What is expected: Everything from the line with "P 20.15 Creek Hollow Way - Photo 9" to the line with "Garnitura supapa aerisire" in the listing below, both lines included, needs to be copied exactly, apart from the pictures.

Data supplied:
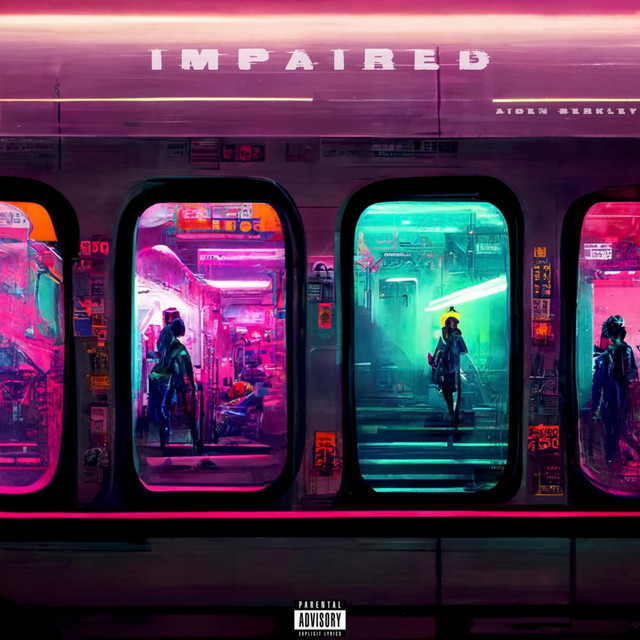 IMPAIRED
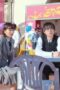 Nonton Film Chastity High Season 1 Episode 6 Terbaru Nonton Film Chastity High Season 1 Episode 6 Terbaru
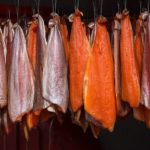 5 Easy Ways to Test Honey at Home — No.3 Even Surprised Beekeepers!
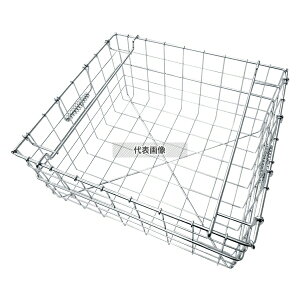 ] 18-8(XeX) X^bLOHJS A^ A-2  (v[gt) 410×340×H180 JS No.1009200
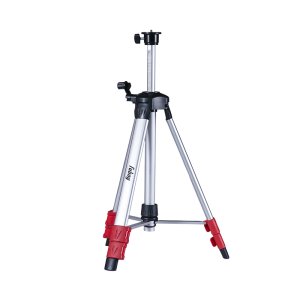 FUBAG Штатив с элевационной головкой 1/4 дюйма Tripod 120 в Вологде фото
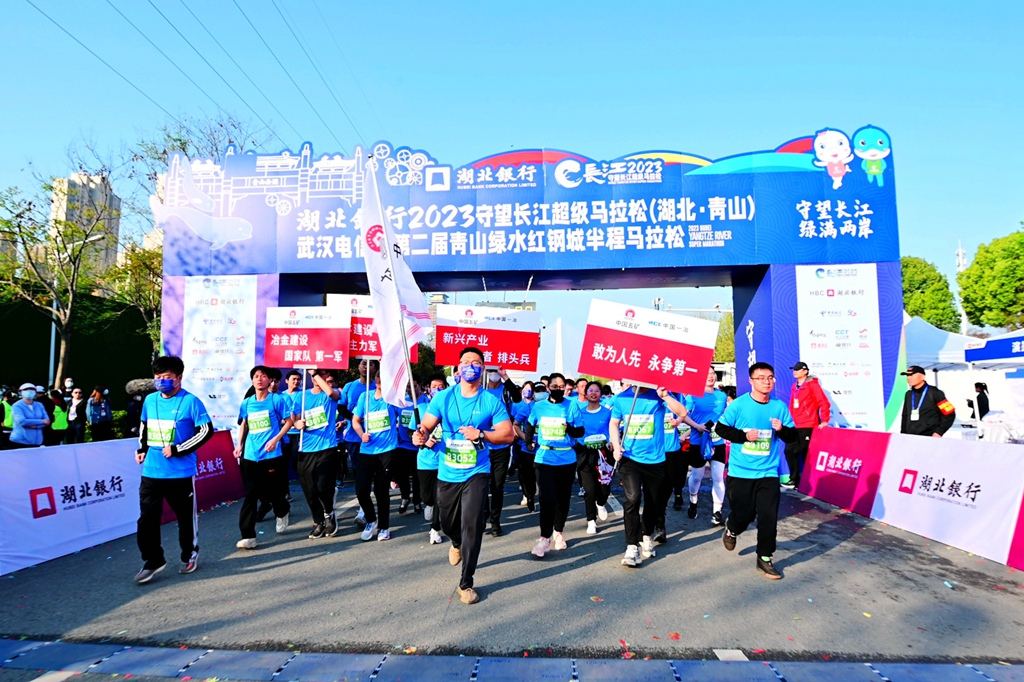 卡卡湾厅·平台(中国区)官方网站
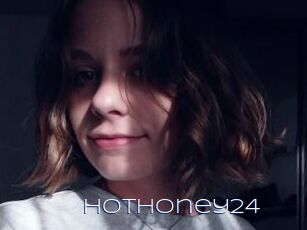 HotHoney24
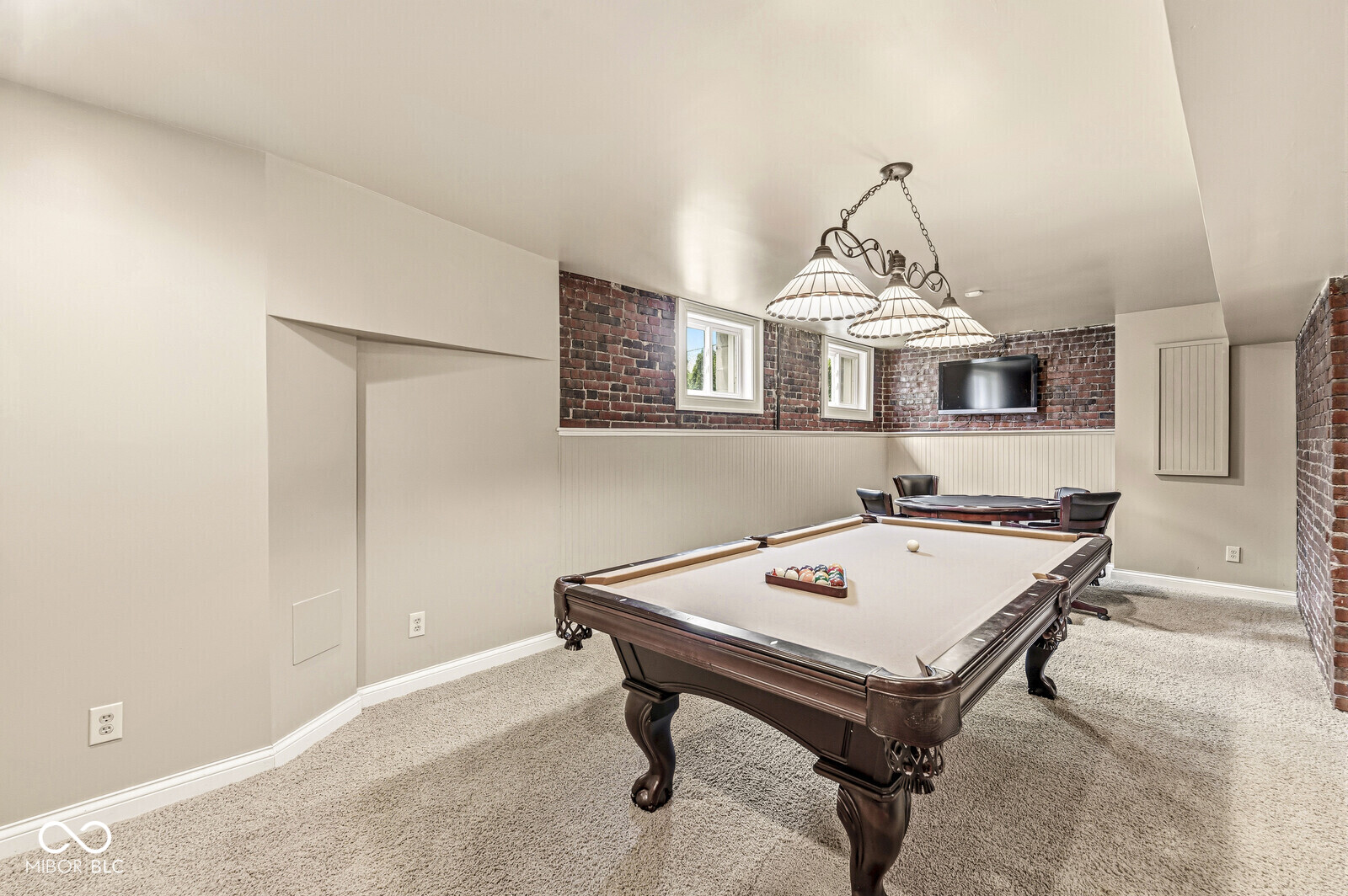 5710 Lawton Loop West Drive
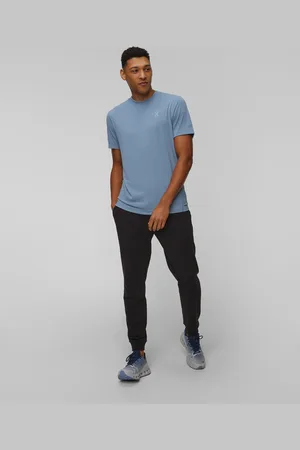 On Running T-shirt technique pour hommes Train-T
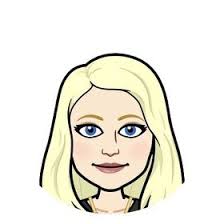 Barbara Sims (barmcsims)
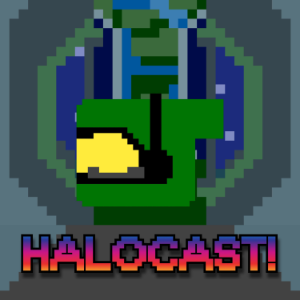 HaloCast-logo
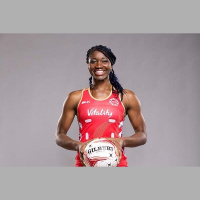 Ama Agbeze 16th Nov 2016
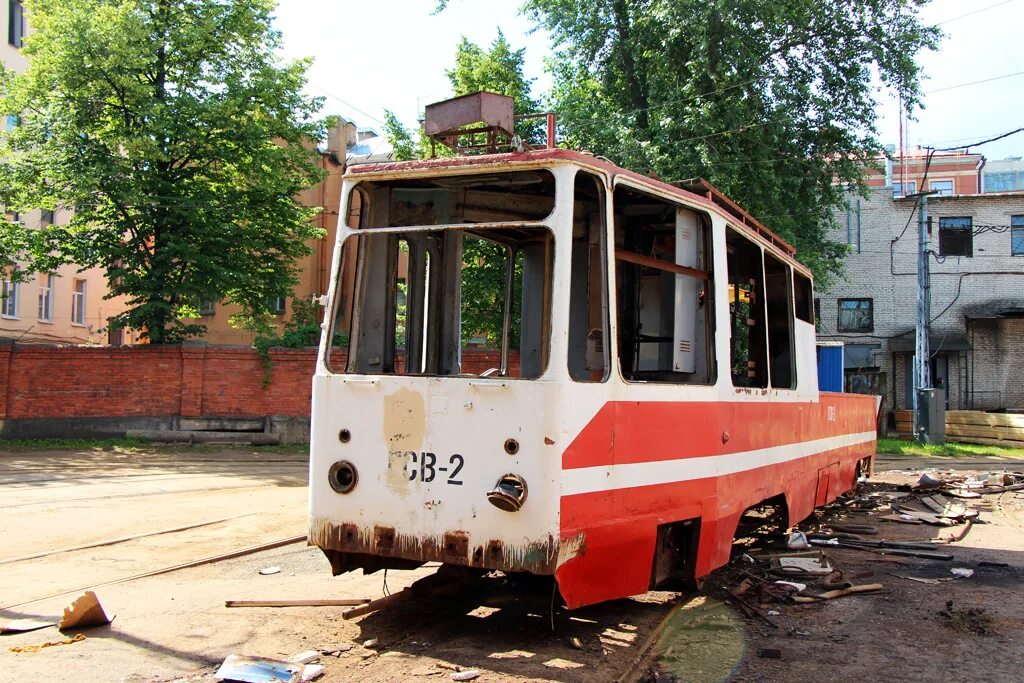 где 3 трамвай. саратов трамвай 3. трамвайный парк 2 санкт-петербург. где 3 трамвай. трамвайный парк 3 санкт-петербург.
...
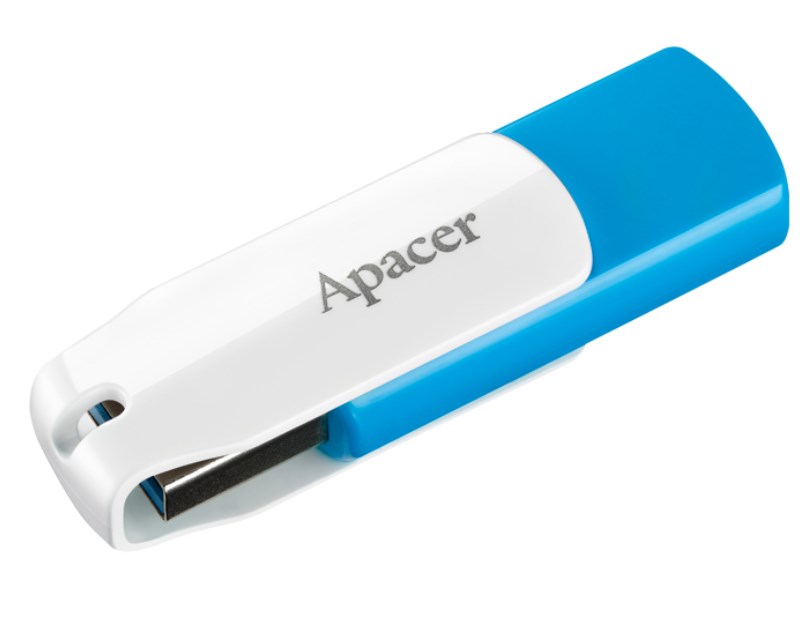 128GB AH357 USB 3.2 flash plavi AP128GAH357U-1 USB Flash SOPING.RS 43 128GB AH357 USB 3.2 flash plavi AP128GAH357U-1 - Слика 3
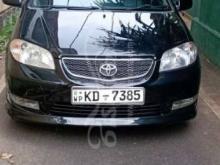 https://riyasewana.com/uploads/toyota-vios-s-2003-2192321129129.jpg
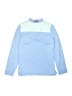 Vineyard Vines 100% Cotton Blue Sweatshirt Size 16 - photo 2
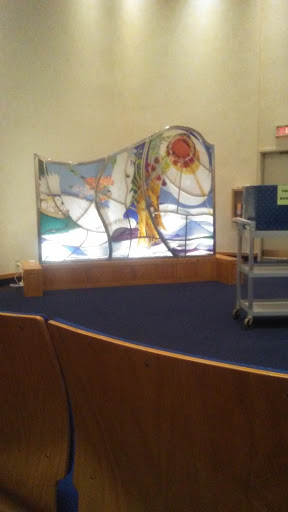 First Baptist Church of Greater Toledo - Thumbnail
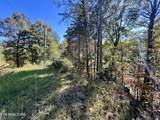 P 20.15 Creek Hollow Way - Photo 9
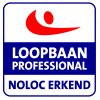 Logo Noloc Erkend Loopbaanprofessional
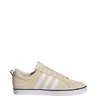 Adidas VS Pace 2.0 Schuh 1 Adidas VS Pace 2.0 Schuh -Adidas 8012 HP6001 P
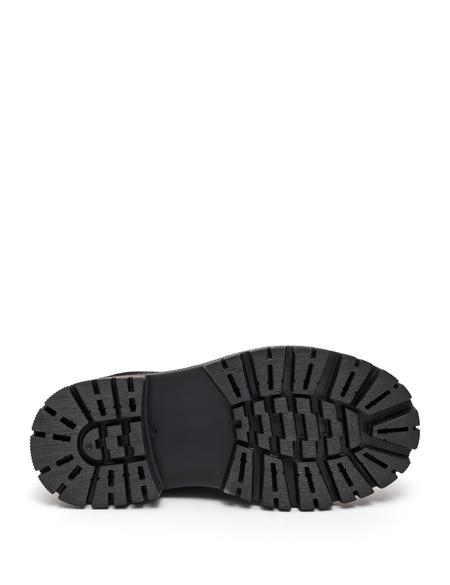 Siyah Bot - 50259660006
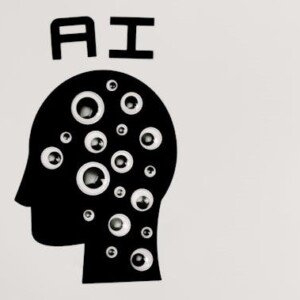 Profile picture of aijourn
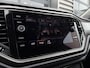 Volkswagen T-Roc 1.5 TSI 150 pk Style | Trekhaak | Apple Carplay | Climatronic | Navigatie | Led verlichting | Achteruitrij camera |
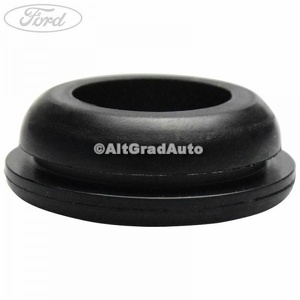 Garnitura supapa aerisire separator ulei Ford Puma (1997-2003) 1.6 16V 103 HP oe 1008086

Output:
 P 20.15 Creek Hollow Way - Photo 9
 Logo Noloc Erkend Loopbaanprofessional
 Adidas VS Pace 2.0 Schuh 1 Adidas VS Pace 2.0 Schuh -Adidas 8012 HP6001 P
 Siyah Bot - 50259660006
 Profile picture of aijourn
 Volkswagen T-Roc 1.5 TSI 150 pk Style | Trekhaak | Apple Carplay | Climatronic | Navigatie | Led verlichting | Achteruitrij camera |
 Garnitura supapa aerisire separator ulei Ford Puma (1997-2003) 1.6 16V 103 HP oe 1008086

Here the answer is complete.